Saturday, November 16, 2013

A Cooker, a Baker, a Green Salad Maker

Honestly, if Jeremy and I end up eating pasta as much as my family did when I was younger, we'll have a special homemade pasta sauce recipe down in no time.


In some ways, I doubt we'll eat as much pasta as I did growing up (back then known as "spaghetti"), since now I'm gluten-free. Pasta isn't cheap when it's GF! But, I have found some favorites that are totally worth the extra bucks. Bionaturae has so far won over my GF taste buds, but if you have any other suggestions that I should try, please leave me a comment!

 

Pizza is another family specialty -- in fact, when my brother and I were little, we planned on opening a pizza restaurant in the backyard. I'd write up the menu (fancy handwriting and swirly accents, of course) and my brother would do most of the cooking. Obviously the dessert was up to me. And, being from a family of entrepreneurs, we expected our parents to pay for the meal -- did they think the menu with prices was just for fun?! That we were PLAYING?! No. We worked hard; we made dinner: now pay us. (Using kid logic, it somehow escaped us that we actually didn't BUY any of the ingredients ourselves . . . so we were asking our parents to pay for food they had already paid for. However, should we not have been compensated for our labor in this whole arrangement? What about the presentation? The ambiance?)


So, now Jeremy and I are working on a pasta sauce. Here's what I'm learning about cooking: it's not like baking. I knew that -- I mean, baking is a science and your recipe is a list of precise directions to follow. If baking is like architecture, cooking is like Jackson Pollock. In other words, baking and cooking are both art forms -- but they come together as masterpieces in very different ways.

In baking, I do a lot of planning ahead of time. I think of flavors that go to together and how to achieve the final product before I start. With cooking, you determine the result as you go.

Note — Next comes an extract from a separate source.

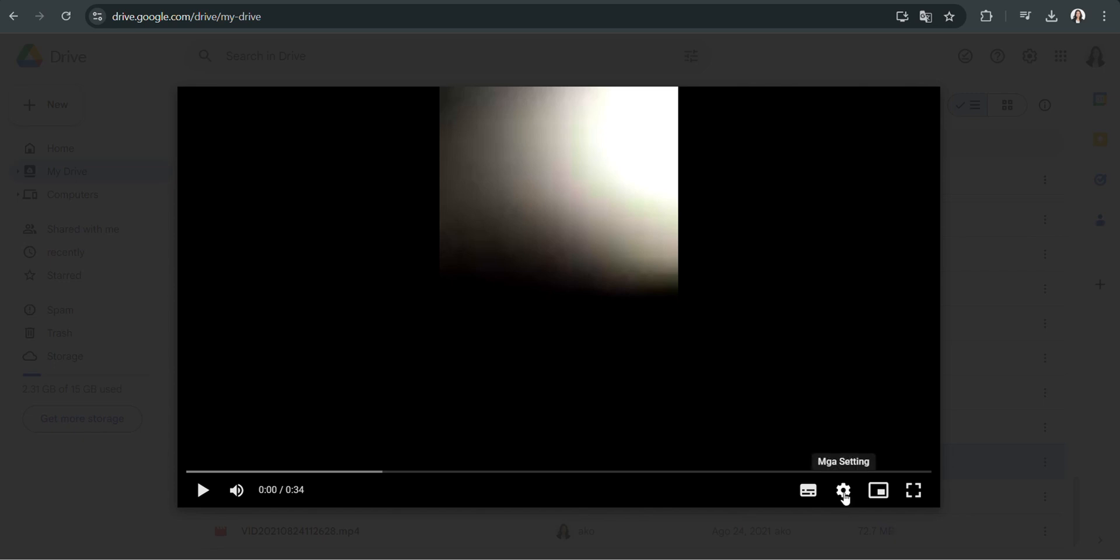Next, locate the settings icon, which is usually represented by a gear symbol. Clicking on this icon will reveal various options, including those for adjusting the video quality and playback size.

Salads are way easier for me to figure out than spices in main dishes. Maybe because the ingredients are more pronounced than spices? Here I made a spinach salad with green apples, dates, and some feta. I wanted to use goat cheese, but that goat cheese was WAY beyond using (buh-bye).


I'm also getting into making my own dressing (basically I study the labels of dressings I like and try to replicate it). If I don't make my own, then I use Tessemae's. They're a new local company and so far everything I have tried has been a winner. I think they're exclusively at Whole Foods, and to me, it's worth the trip (refrigerated section in produce). Bwahaha, who am I kidding? I'm at Whole Foods anyway. (If I'm not at MOM's Organic Market -- a great local organic food store.)


What about you? Are you a cooker, a baker, or a green salad maker?

(p.s. I mentioned these products because I like them. They don't know me; it's just unrequited love here.)